Nunca llegó tan lejos el proyecto del Poble Espanyol. Se había planificado como un pastiche arquitectónico condenado a demolerse a los seis meses de la clausura de la EXPO, pero ha sobrevivido 86 años, bien porque el caudillo lo convirtió en un espacio de demagogia y propaganda, o bien porque las autoridades nacionalistas que llegaron después perseveraron en la indefinición y en las dudas —¿Qué coño hacemos con esto?, se preguntaba Pujol—, de tal forma que Iberona ha mutado en una pujante estructura privada que estira un contrato municipal de explotación hasta 2035.
Habrá transcurrido entonces un siglo desde su inauguración. Y se habrá arraigado, acaso, la paradoja de una Cataluña independiente en cuya capital, Barcelona, se aloja un parque temático dedicado a España, como si fuera un subconsciente urbanístico y cultural, o una manera de frecuentar la nostalgia, o un modo de evocar el mito del enemigo exterior.
Una España de cartón piedra, un decorado enciclopédico que los turistas recorren en 2015 con entrañable entusiasmo. Se fotografían delante de la muralla de Ávila, comen pescaíto entre los callejones del barrio andaluz, se recrean en el plateresco salmantino y le compran toros de Osborne a Thalía en un negocio de souvenirs ubicado a la vera de las Carmelitas de Alcañiz.
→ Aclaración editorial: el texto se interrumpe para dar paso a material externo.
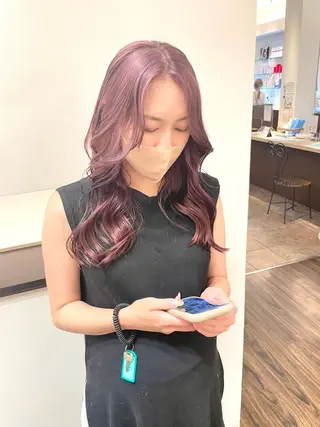 セミロング カラー ダメージレスブリーチ HIROSHIのヘアスタイル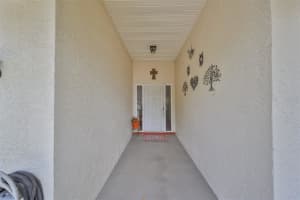 909 SUN KEY COURT, SUN CITY CENTER, FL 33573 Sold 03/17/25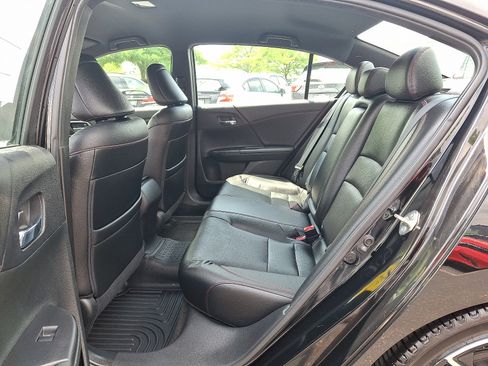 Certified 2017 Honda Accord Sport Special Edition image 10
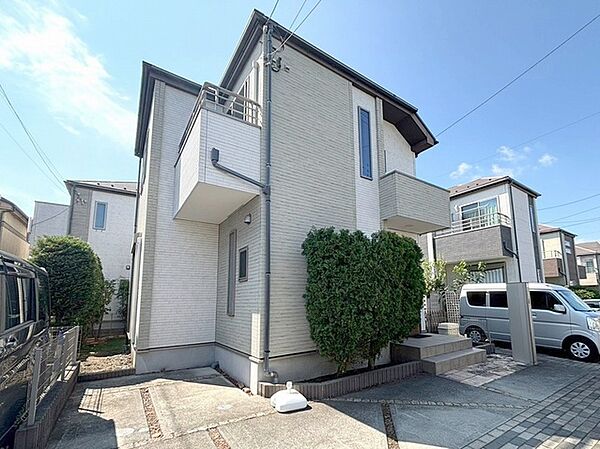 建物が完成しましたので室内のご見学予約スタート。当日のご見学予約も大歓迎です。お気軽にご連絡ください。エステート白馬国分寺店は火曜水曜も営業しております。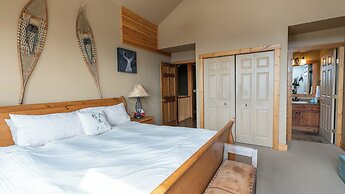 Forest Lane Hideaway - Luxurious Family Friendly Home with Private Hot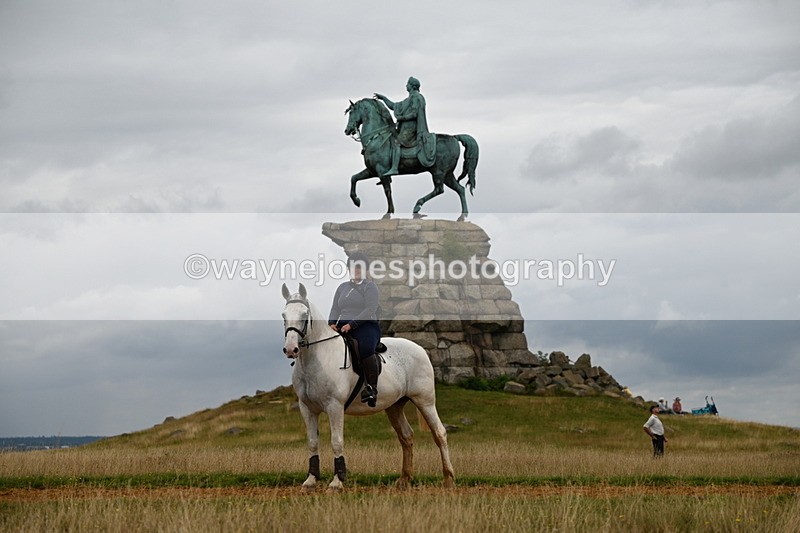 DSC_5511 - Time at Statue 11:46 to 12:16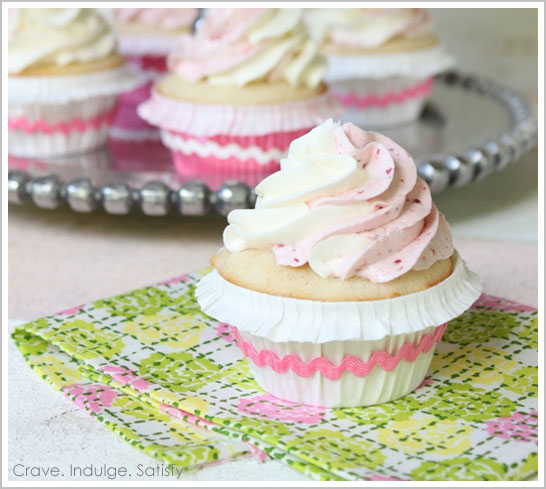 Strawberry & Vanilla Cream Swirl Cupcakes Strawberry & Vanilla Cream Swirl Cupcakes
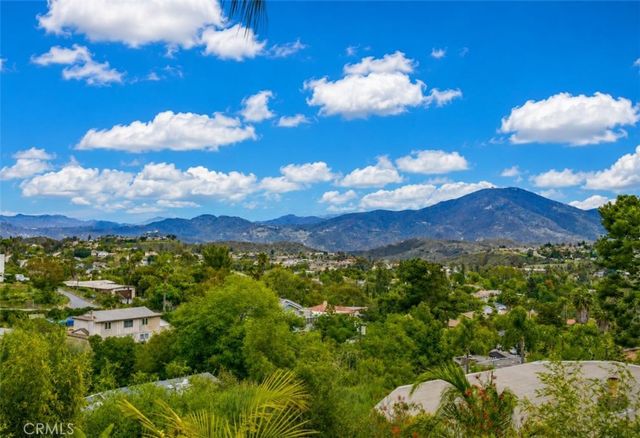 10549 Queen, La Mesa, CA 91941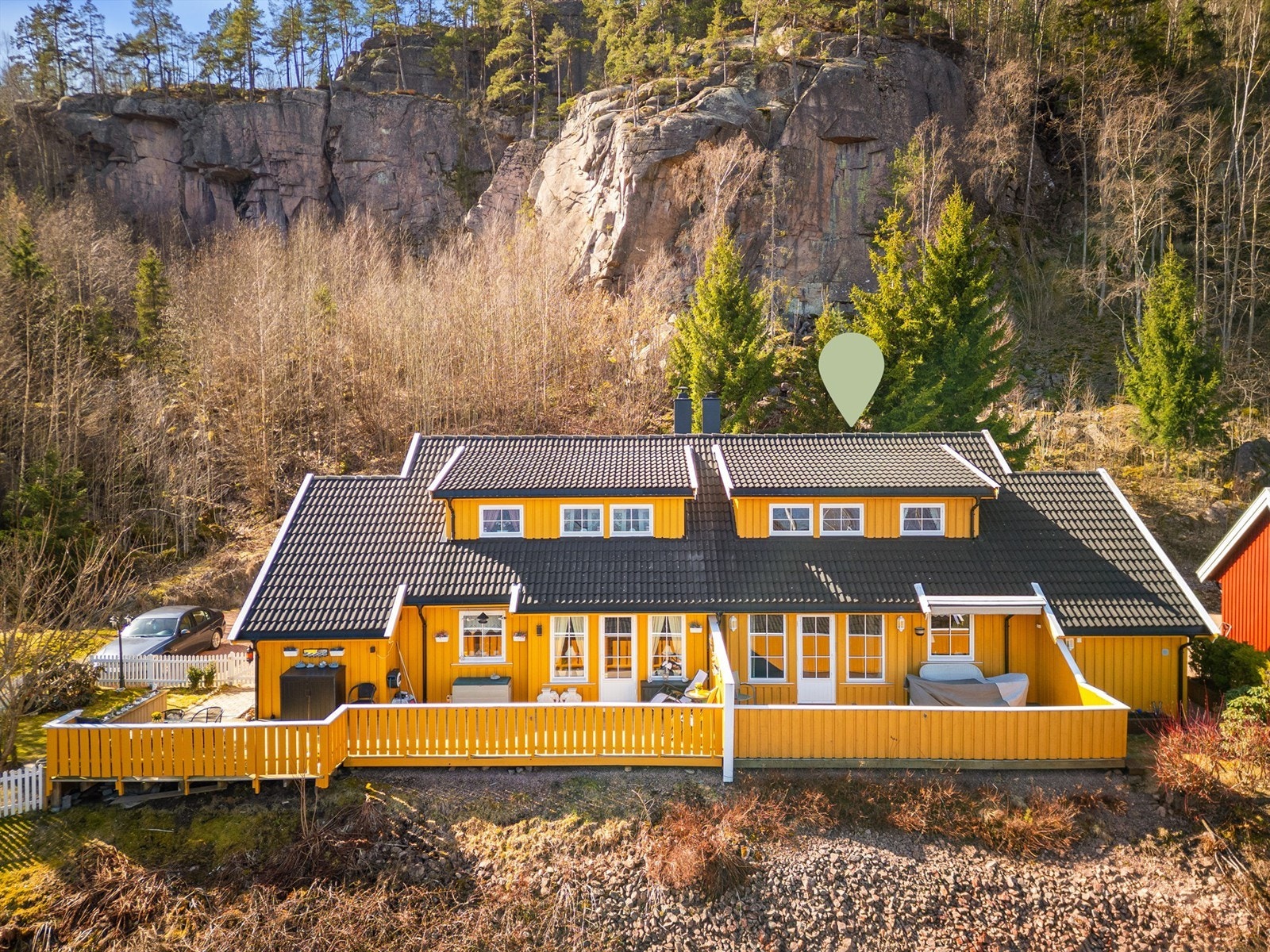 Øvrig er det parkeringsplass på egen gruset gårdsplass (ved boligen). Galleribilde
"Yo lo que vendo son toros", nos explica la joven comerciante. "La gente viene aquí porque quiere llevarse recuerdos españoles. No les interesa la independencia. Han venido a España". Han venido a España y a su caricatura. No ya porque esta ocurrencia de Primo de Rivera pudiera encontrarse perfectamente en Las Vegas. También porque la España de Españas que representa voluntariosamente el Poble suscita un cierto estremecimiento respecto al cortocircuito entre el cosmopolitismo y el nacionalismo.
La expresión más absurda de esta dialéctica concierne no ya al porvenir del Poble Espanyol dentro de Cataluña, sino al porvenir de Cataluña dentro del Poble Espanyol, naturalmente porque su territorio, su arquitectura y su idiosincrasia también forma parte del mapa del parque temático.
La independencia, permítase la ironía, obligaría a elevar una frontera, exigiría acordonar un espacio diferenciado. Requeriría emprender una serie de obras que bien podrían aprovecharse para emular el sueño de Jack Pitman en la novela de Barnes: sustituir el original de Inglaterra por una copia.
Y entonces deberíamos incorporar al parque una rotonda, y una puerta giratoria, monumentos nacionales mucho más emblemáticos que la Giralda. Y fundaríamos un lupanar de carretera. Y añadiríamos los rasgos de nuestro carácter, la solidaridad, de acuerdo, pero también la envidia y el cainismo, expuestos la una y el otro en un cuadro de Goya, La riña a garrotazos, que debería presidir las nuevas instalaciones del simulacro.
Barnes termina su novela declarando la independencia de la Inglaterra falsa. Un desenlace con forma de MacGuffin que convierte al señor Pitman no tanto en el imitador de Primo de Rivera como en un antecedente premonitorio de Artur Mas.